Why Data Warehouse Projects fail?

If the subject line attracted you here, let me calm you down, not all data warehouse (DWH) projects fail. Some are indeed successful and vital for organization‘s long-term strategy and vision. Nevertheless, a lot of projects, which come under DWH umbrella, do fall short. Lets investigate why.

Data lake vs. Data Warehouse vs. Data Mart?

Data Warehouses have been around for as long as I remember. There was always a search for the best ways for organizing and optimizing data. Classic solution has been SQL database. As data has seen increase in variety and volume, but decrease in quality, it became quite apparent that Data Warehouse cannot be the only solution.

The premise of the Data Warehouse(DWH) is the schema definition, in simple terms you need to know the structure of the source data. As an implication of fixed schema definition, when the source structure changes, you need to apply change to the DWH and upstream. This posed significant problems for data ingestion. With number of systems a typical organization run increasing it became difficult to do the first step — extraction. In order to make a clear split between extracting and cleaning data, the term Data lake was coined. For a data lake the goal is collect all data in one place with minimal to no-concern for quality or business meaning of it. DWH contains business logic embedded in schema and stored procedure. DWH is the first place, where data makes sense.

On the other hand, the meaning of the data has to be kept very generic to fit multiple business units, also data has to be stored efficiently (normalized). To make data serve a particular use case of a single or multiple business units, a lot of linking and transformation is needed. In plain terms, queries to answer business questions will be very long and complex. To avoid this usually a Data Mart is created, with the purpose of having the data in form and quality to answer a particular business problem. The most common use case would be reporting.

To sum it up the purpose of each of these systems can be stated as:

  1. Data lake — collect data
  2. Data warehouse — structure data
  3. Data mart — understand data

Purpose of Data lake, Data Warehouse, and Data mart

This is where the first failure comes into play. Organizations have hard time making clear distinction and start doing the usual “but” thing. For example, data lake is used for collecting the data, but can we also streamline it so we understand what it means? Data mart gives understanding of the data, but why do we need to run the whole process if our source system is very similar to what we need — lets just populate it directly. This leads to subtle problems — suddenly gaining insights from data becomes very time consuming and inconsistent riddled with errors.
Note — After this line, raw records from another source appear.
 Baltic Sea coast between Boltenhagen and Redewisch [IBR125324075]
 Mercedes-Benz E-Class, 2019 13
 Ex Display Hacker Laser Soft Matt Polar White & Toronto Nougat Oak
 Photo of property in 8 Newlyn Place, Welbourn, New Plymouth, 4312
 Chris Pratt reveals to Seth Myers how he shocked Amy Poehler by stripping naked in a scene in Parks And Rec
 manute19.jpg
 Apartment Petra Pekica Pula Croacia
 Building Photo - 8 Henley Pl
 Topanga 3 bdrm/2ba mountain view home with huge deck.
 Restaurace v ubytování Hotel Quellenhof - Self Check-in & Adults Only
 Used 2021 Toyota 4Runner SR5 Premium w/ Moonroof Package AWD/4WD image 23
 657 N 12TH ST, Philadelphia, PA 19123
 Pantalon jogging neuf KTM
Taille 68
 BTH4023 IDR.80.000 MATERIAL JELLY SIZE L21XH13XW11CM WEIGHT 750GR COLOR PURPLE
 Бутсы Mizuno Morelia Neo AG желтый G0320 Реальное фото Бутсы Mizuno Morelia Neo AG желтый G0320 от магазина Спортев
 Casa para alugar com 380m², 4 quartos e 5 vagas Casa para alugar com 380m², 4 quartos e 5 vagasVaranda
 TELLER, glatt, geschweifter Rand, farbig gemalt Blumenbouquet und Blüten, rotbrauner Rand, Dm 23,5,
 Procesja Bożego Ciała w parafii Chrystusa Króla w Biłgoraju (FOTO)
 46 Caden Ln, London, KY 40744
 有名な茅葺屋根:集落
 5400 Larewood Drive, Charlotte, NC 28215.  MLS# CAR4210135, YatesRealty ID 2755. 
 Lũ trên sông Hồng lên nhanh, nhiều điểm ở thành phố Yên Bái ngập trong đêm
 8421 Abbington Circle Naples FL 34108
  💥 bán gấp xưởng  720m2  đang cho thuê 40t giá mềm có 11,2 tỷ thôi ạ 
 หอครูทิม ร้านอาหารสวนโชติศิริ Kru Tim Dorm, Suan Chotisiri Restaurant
A more apparent failure to distinguish purposes of data storages manifests in selection of technologies. Vendors are partially at fault, because they want to tap into different markets, but mostly it is inertia of individual teams and organization, which become very comfortable with one set of technologies and it becomes a hammer for every nail. Typical split would be:

  1. Data lake: NoSQL / file system (can be NTFS or hdfs)
  2. Data warehouse: SQL database
  3. Data mart: SQL Database

When IT team gets frisky with technology choices or business decides to go its own way this is what happens:

  1. Data lake: SQL database and try to ram whatever we get out source systems into it
  2. Data warehouse: Lets use NoSQL technologies, because actually they have some SQL complaint interfaces
  3. Data mart: IT says we have too many databases, so we will just export data as flat files and use them for reporting

The one particular case, where it costs organizations a lot, is in-memory databases. Somehow vendors made in-memory database option more prominent than it should be. There is nothing wrong putting minor amount of data from data mart into in-memory database. This would make slicing and dicing it very quick. When decision is actually to put entire DWH on top of in-memory database — it will cost you millions in hardware and license fees.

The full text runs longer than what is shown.